Guess what? I’m one of those Christians who grew up in a Christian home. (I don’t think I said the word Christian enough. …Christian.)

Why am I a Christian? Well, because I grew up that way.

…Right?

Although my upbringing has an impact on my worldview, I am also aware (as all of us are) that there are higher principles and facts that exist — no matter what my parents were telling their kid over here. Like the fact that, miles and miles under my feet*, there’s liquid magma a-brewin’. And that 2,353 years ago*, a guy named Chandragupta founded the Mauryan Empire in India.* (*As of the location and date this post was published.)

According to statistics, more and more of my generation is, like, leaving the church, and, like, switching religions and, like, generally having doubts upon doubts about Christianity.

So why am I still a Christian? Well, there are quite a few reasons.

But one of the reasons I haven’t left the faith?

I’ve had doubts upon doubts about Christianity.

In a way, God actually commands us to doubt. He commands in the Scriptures, through his servant Paul, to “Test all things” (1 Thess 5:20-22). Of course, the two commands that follow this are equally important.

I often tell people, especially my non-Christian friends and coworkers, that we’re all truth-seekers. We’re all trying to find out what’s real in the world. And although it’s a necessary logical fact that some worldviews are a closer estimate to the real state of things than other worldviews… none of us have all the answers.

Sometimes we get so uptight about it, though. I think sometimes we doubt even while we’re trying to believe, and we don’t want to lose what we know, so that doubt turns into fear. And then that fear turns into defensiveness. And then you get all these political and religious fights.

I am not immune to this. I lost my very first best friend because I approached a spiritual conversation with fear and anger — without love or tact. I don’t know if he’ll ever read this, but that friend has changed my life profoundly. And I miss him dearly. And it’s in large part due to this friend that I have dedicated so much of my effort to finding common ground with all people.

I do think there are people “out there” who are so evil that they’d rather live a lie than seek the truth. But I was once one of those people. “In here.” And I neither found Truth on my own, nor did I even desire to find Truth on my own.

So, since I know what it’s like to be repulsed by the truth, and to hunger after it at the same time, I assume that anyone with whom I come into contact is hungry for Truth.

We are all truth-seekers. And no person knows everything. So let’s compare notes.

Instead of fighting in fear, let’s approach others in love, caring
first about their heart,
second about their worldview,
third about their lifestyle.

In that order.

I say let’s all present our best findings about the world and God (or the lack thereof) instead of attacking one another’s worst arguments in our worst moments.

If there is no god (or a god who doesn’t give a bean about us), then all of science, math, astronomy, physics, economics, morality, ethics, logic, engineering, and every other field of principle should point us to a world that owes us no purpose or justice.

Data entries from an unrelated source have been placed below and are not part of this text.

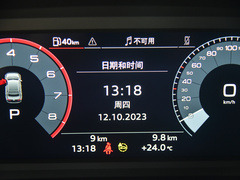 奥迪A3 2024款 A3L Limousine 35 TFSI 时尚运动型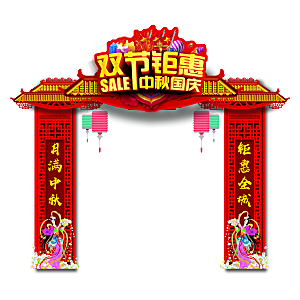 中秋节国庆节拱门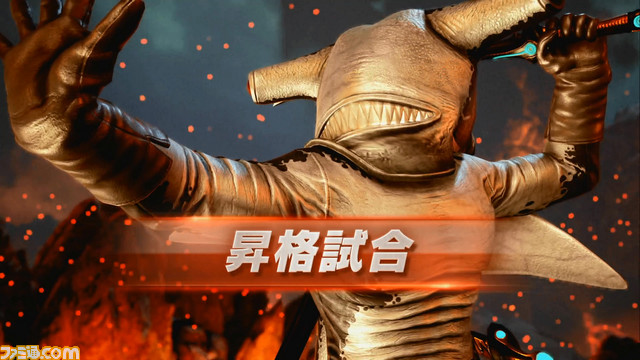 『鉄拳7』クライマックスを迎えた親子喧嘩が描かれるストーリーモード、シリーズ初のオンライントーナメントなどを紹介するトレーラーが公開_11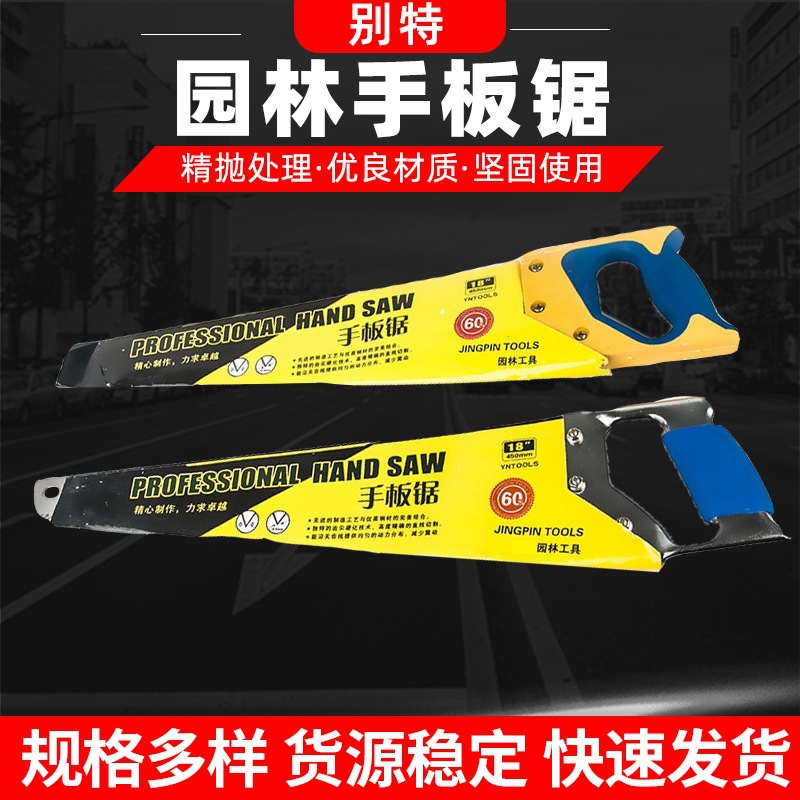 批发塑柄手板锯 家用木工锯子 园林修枝果树用450mm塑柄手板锯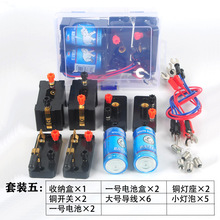 小学科学简单电路实验 导线铜小灯座 灯泡 电池盒 物理电学实验盒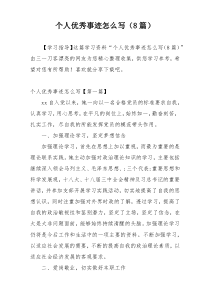 个人优秀事迹怎么写（8篇）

If God is real, and He wants us to know that, then every single aspect of the world He made is just going to point to Him. And He is powerful enough to show each of us, no matter our upbringing, exactly which god, out of all of the possible characters, is the real one.

I am not afraid anymore.

I think I’ve found the right answer about who God is (and therefore who I am and how I should live my life). But I’m not afraid anymore. I’m not afraid to investigate other beliefs. To find out what kind of upbringing other people had, to meet them in their pain and joy and doubts and convictions and experiences.

And I am not ashamed to meet them there with my best presentation of the principles I have found to be true of our species and its universe and its origins.

Because that is how God treated me. And the hope and the joy and the satisfaction and the answers He gave me through His message… is the best way I could ever imagine of how to love someone’s heart.

A lot of people think we’re all just lost and wandering and looking for answers but not finding them. But no matter what you believe, that is a false conclusion about the world. Because Truth has come. And He has come to seek and save that which was lost.